In 2016, Brooklyn Public Library and Theater of War Productions worked together to present a dramatic reading from Euripides' Madness of Hercules to facilitate a community conversation on the social impact of gun violence. BPL's involvement in the current residency-which includes engaging new audiences, developing related public programs, and helping to identify communities where the events will take place-embodies one of the ways Brooklyn Public Library is defining a new model for the role libraries can play in people's lives and address vital issues.

Bryan Doerries is a Brooklyn-based writer, director, and translator, who currently serves as Artistic Director of Theater of War Productions. A self-described evangelist for classical literature and its relevance to our lives today, Doerries uses age-old approaches to help individuals and communities heal from trauma and loss.

During his tenure at Theater of War Productions, the company has presented diverse projects across the country and internationally. Theater of War Productions uses dramatic readings of seminal plays and community conversations to confront topics such as combat-related psychological injury, end-of-life care, police and community relations, prison reform, gun violence, domestic violence, sexual assault, and substance abuse and addiction.

Doerries' book, The Theater of War: What Ancient Greek Tragedies Can Teach Us Today, was published by Alfred A. Knopf in September of 2015, along with a volume of his translations of ancient Greek tragedies, entitled All That You've Seen Here is God.
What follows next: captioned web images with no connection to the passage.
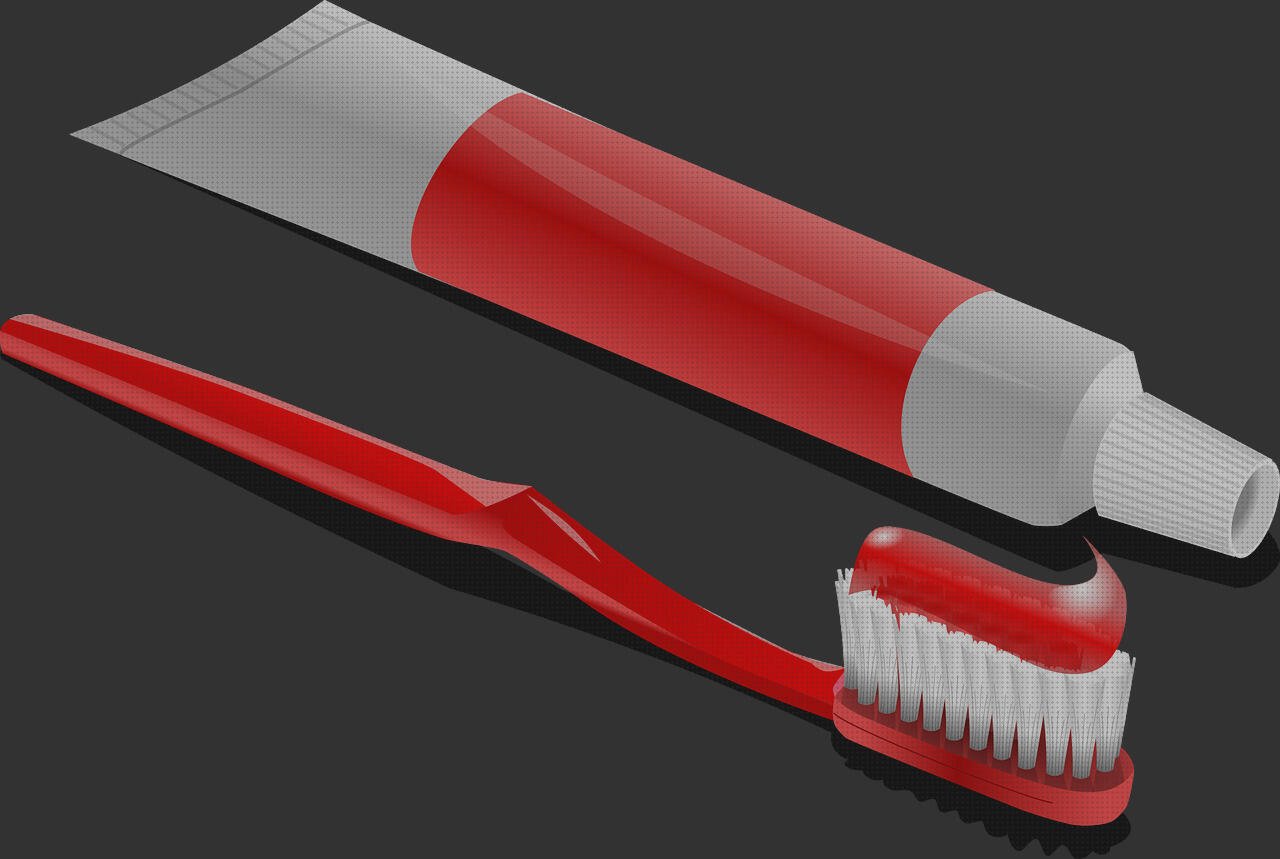 Análisis de las 5 mejores Bocas De Plásticos Dentales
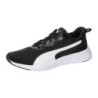 PUMA Puma Unisex Laufschuhe Flyer Lite 378774 Laufschuh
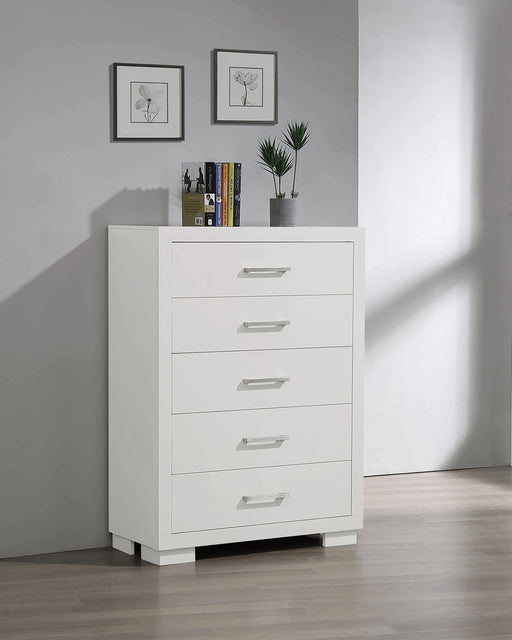 Five Star Furniture - 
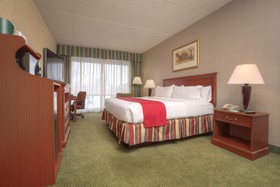 Wyndham Garden Southgate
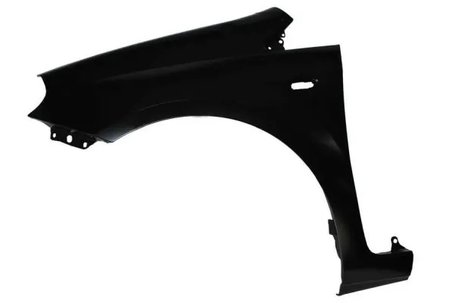 ARIPA BLIC 6504-04-2024311P - Compatibil cu ABARTH, FIAT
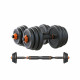 Dumbbells Xiaomi (Refurbished B)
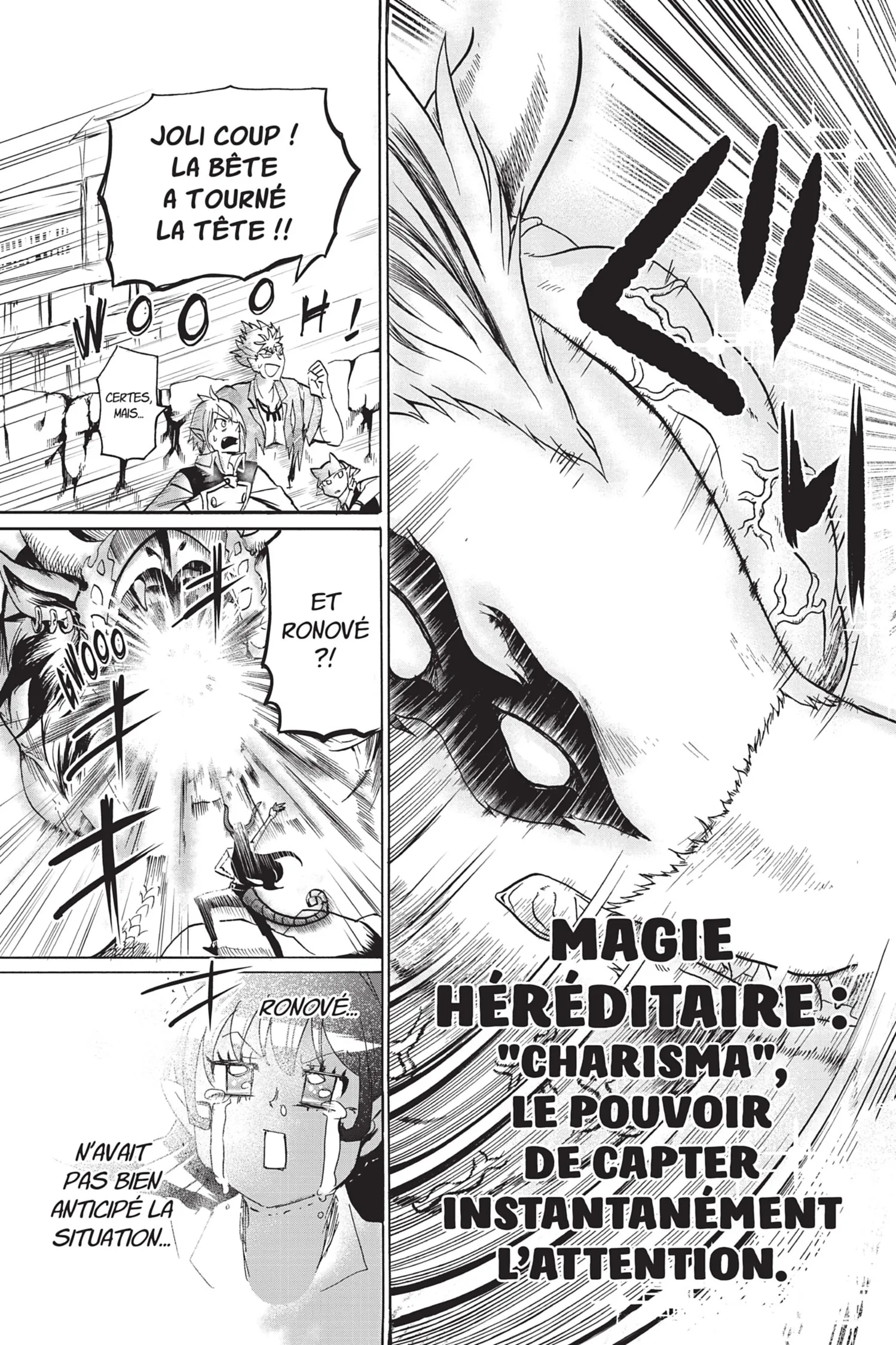 Mairimashita! Iruma-Kun - 85 - 655a0a588010f.webp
His graphic novel, The Odyssey of Sergeant Jack Brennan, an adaptation of Homer's Odyssey as told by an infantry Marine to his squad, was published by Pantheon in April of 2016. Doerries lectures on his work at cultural venues throughout the world and, in recent years, has taught courses at Princeton University, the Stella Adler Studio of Acting, and the Bard Prison Initiative.

Doerries is a proud graduate of Kenyon College and serves as a board member of the Alliance for Young Artists & Writers and Friends of the Young Writers Workshop. In March 2017, he was named Public Artist in Residence (PAIR) for the City of New York, a joint appointment with the New York City Department of Veterans' Services and Department of Cultural Affairs. During this two-year residency, he will bring more than 60 Theater of War Productions projects to diverse communities across all five boroughs.